Start of Dataset extract

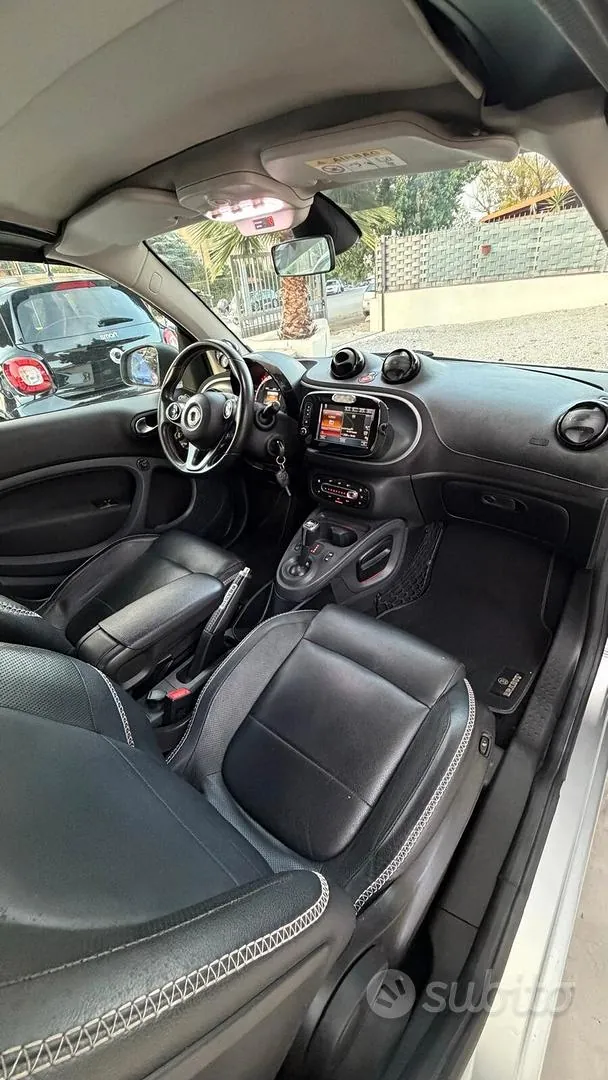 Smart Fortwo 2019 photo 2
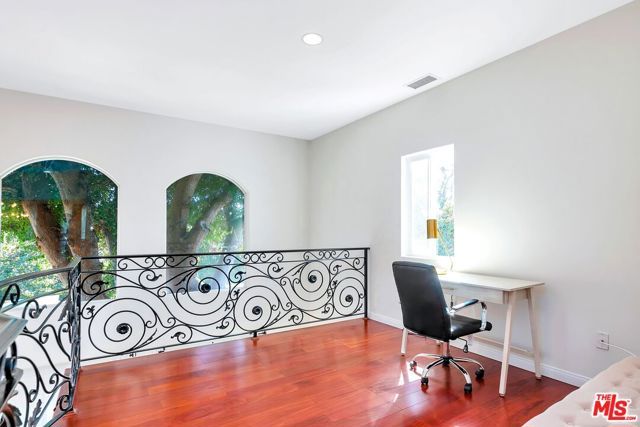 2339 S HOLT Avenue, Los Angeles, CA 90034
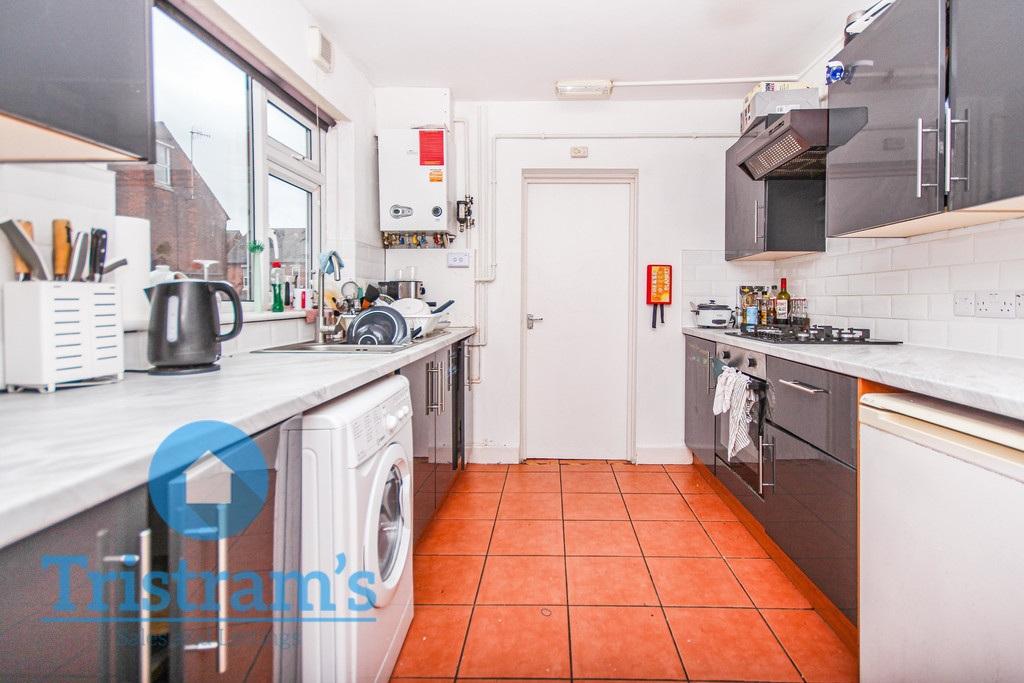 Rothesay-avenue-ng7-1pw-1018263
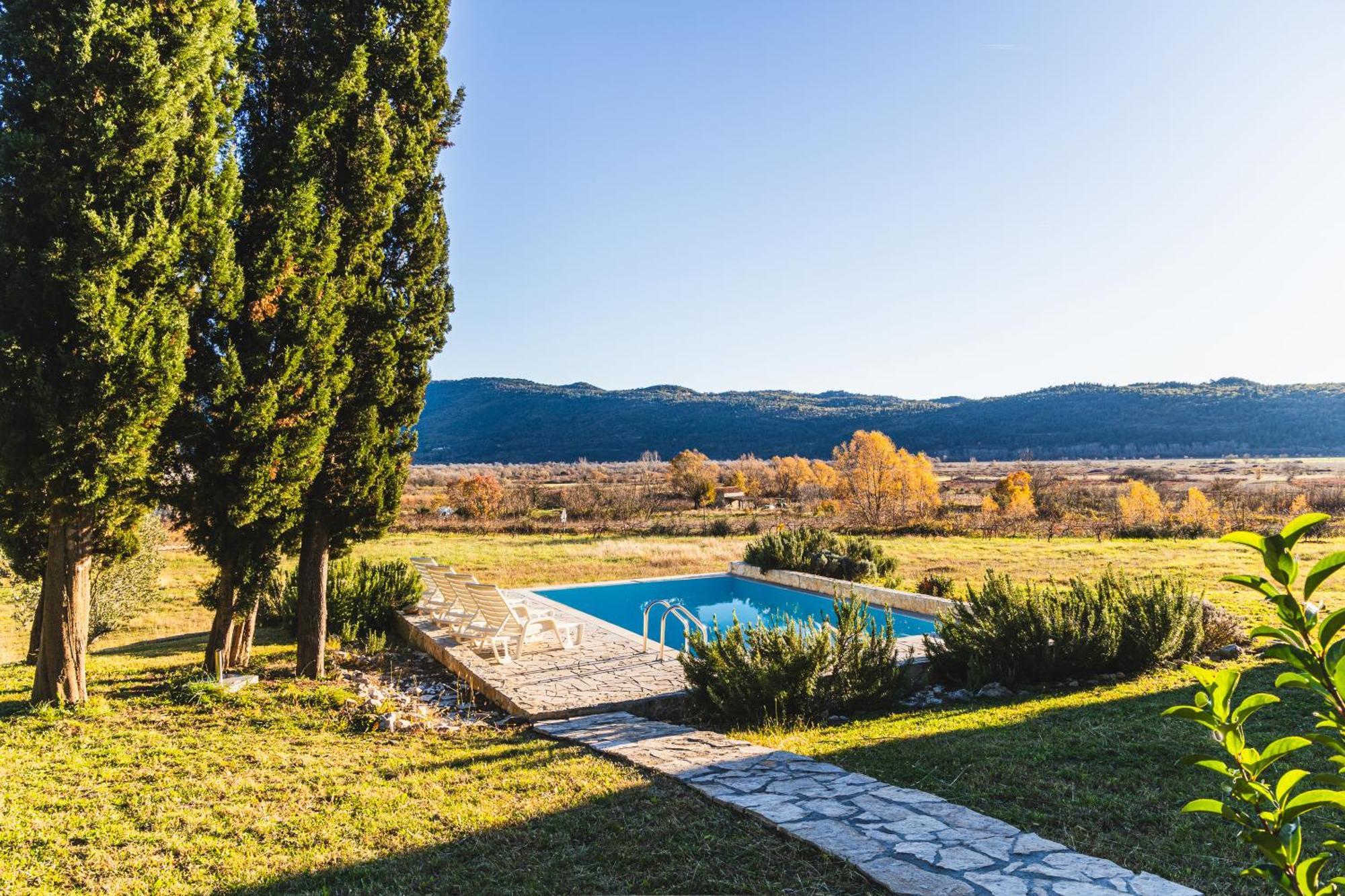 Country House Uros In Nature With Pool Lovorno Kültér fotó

End of Dataset extract

▶ Required work:
The material above should be returned exactly, without pictures.

▶ Answer space:
 Smart Fortwo 2019 photo 2
 2339 S HOLT Avenue, Los Angeles, CA 90034
 Rothesay-avenue-ng7-1pw-1018263
 Country House Uros In Nature With Pool Lovorno Kültér fotó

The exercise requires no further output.